Friday, September 7, 2007

Jonah was not an asparagus!

That is one of those things that I never imagined myself saying as a parent. This week in our Bible story book I have been reading to Peter and Kate about Jonah. This morning we were going over the main parts of the story and I said something about the ship's master waking Jonah up during the storm, telling him to pray to his God. Then Kate said, "no, something in his pillow woke him up." As it turns out, in the Veggie Tales movie, a worm in Jonah's pillow woke him up. So I had to remind Kate that Veggie Tales don't tell us exactly how things actually happened. We continued on with our review because we were planning to draw a picture timeline of the main events. A few minutes later, as we bagan to draw I was confused as to why Kate chose a bright green marker to draw Jonah. Then I noticed that her Jonah had a long narrow body. Suddenly it dawned on me! Her vision of the true events of the life of Jonah- and many others- is skewed by Veggie Tales! Why would I have ever thought that a young child should actually be able to determine the difference between the truth of scripture and a movie that mixes God's truth with talking vegetables! Do we ban Veggie Tales completely after allowing them for almost 6 years and receiving many of them as gifts? I wish I had thought this through before my children were able to become confused by them! On one hand, you may think they are creative, harmless, clean, character lessons.
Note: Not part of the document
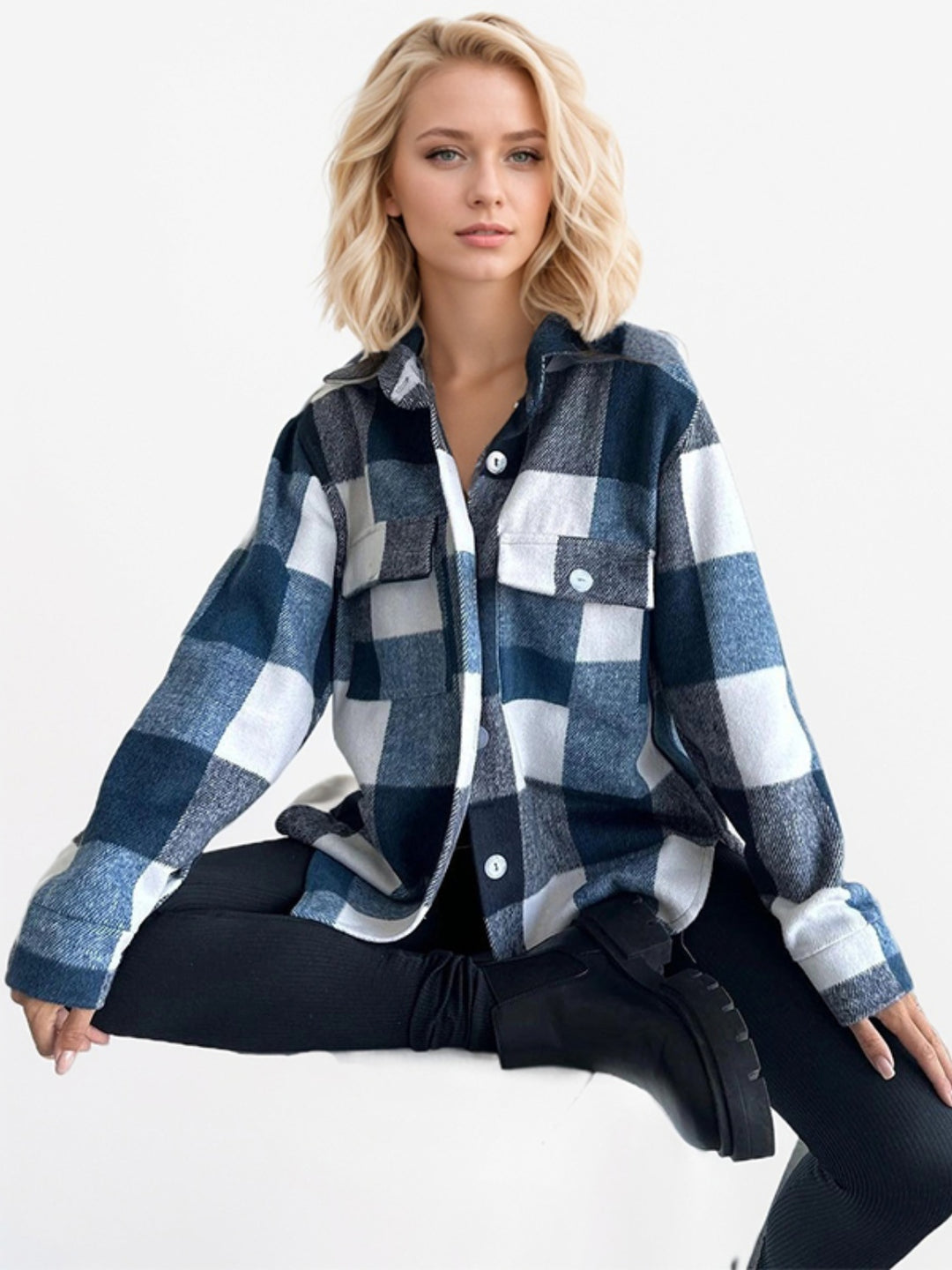 Plaid Button Up Long Sleeve Shacket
But do I really want my child to think that Jonah was an asparagus or Gideon was a tuba playing cucumber?!

4 comments:

Jeff said...

Isn't it amazing that something can seem so harmless and then when the practical application of learning comes into place it can be very suspect!

Daddy

Karen Sue said...

Mom says "Let's cook them Veggietales"

Racine said...

Well, I'm glad that you had this realization so that I can learn from it with our family someday :-)

Moggy said...

I just love Vegetails. I was so careful to Not confuse my daughter with "Santa" "The Easter Bunny" and "The Tooth Fairy" and then just playing I told her other things not thinking she would take me serious.

I think you will be able to explain it as they grow. You might make up some characters of your own family, so they can understand how a story about real people could be told with vegetables or something like that.